Records drawn from a dataset:
______________________________

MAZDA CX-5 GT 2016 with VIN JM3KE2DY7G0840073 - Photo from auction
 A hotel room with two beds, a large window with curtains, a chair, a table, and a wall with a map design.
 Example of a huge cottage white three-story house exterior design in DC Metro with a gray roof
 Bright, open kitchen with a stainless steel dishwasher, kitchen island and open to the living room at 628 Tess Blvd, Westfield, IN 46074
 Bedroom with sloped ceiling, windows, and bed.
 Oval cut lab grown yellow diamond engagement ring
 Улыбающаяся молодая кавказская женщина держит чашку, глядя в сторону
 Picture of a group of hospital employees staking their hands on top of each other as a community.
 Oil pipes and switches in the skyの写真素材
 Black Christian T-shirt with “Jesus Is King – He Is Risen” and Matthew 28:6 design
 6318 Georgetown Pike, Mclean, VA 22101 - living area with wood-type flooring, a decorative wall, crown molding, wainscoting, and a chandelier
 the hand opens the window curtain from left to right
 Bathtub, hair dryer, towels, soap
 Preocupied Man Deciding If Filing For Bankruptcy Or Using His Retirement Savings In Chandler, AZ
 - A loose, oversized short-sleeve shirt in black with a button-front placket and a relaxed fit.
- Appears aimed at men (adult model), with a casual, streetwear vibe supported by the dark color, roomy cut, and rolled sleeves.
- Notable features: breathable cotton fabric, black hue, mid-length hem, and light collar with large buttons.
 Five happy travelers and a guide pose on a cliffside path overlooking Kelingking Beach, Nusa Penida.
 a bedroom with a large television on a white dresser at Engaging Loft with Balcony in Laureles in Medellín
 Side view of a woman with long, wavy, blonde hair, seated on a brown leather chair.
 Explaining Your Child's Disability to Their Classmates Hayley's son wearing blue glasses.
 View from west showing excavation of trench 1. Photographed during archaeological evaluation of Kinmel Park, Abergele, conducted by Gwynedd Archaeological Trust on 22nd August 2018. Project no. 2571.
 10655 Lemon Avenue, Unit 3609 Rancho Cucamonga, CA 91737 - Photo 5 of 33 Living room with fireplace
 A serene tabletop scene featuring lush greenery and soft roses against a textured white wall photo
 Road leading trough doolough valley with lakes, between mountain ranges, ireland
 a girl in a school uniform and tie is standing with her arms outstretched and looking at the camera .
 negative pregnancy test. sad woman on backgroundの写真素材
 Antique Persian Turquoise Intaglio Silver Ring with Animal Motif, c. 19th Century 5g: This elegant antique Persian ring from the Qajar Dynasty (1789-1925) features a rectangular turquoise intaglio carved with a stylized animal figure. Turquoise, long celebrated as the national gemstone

______________________________

Your instructions
Please set down again, word for word, only the lines from the start of the entries through the line with "Bathtub, hair dryer, towels, soap", both ends included.

Reply
MAZDA CX-5 GT 2016 with VIN JM3KE2DY7G0840073 - Photo from auction
 A hotel room with two beds, a large window with curtains, a chair, a table, and a wall with a map design.
 Example of a huge cottage white three-story house exterior design in DC Metro with a gray roof
 Bright, open kitchen with a stainless steel dishwasher, kitchen island and open to the living room at 628 Tess Blvd, Westfield, IN 46074
 Bedroom with sloped ceiling, windows, and bed.
 Oval cut lab grown yellow diamond engagement ring
 Улыбающаяся молодая кавказская женщина держит чашку, глядя в сторону
 Picture of a group of hospital employees staking their hands on top of each other as a community.
 Oil pipes and switches in the skyの写真素材
 Black Christian T-shirt with “Jesus Is King – He Is Risen” and Matthew 28:6 design
 6318 Georgetown Pike, Mclean, VA 22101 - living area with wood-type flooring, a decorative wall, crown molding, wainscoting, and a chandelier
 the hand opens the window curtain from left to right
 Bathtub, hair dryer, towels, soap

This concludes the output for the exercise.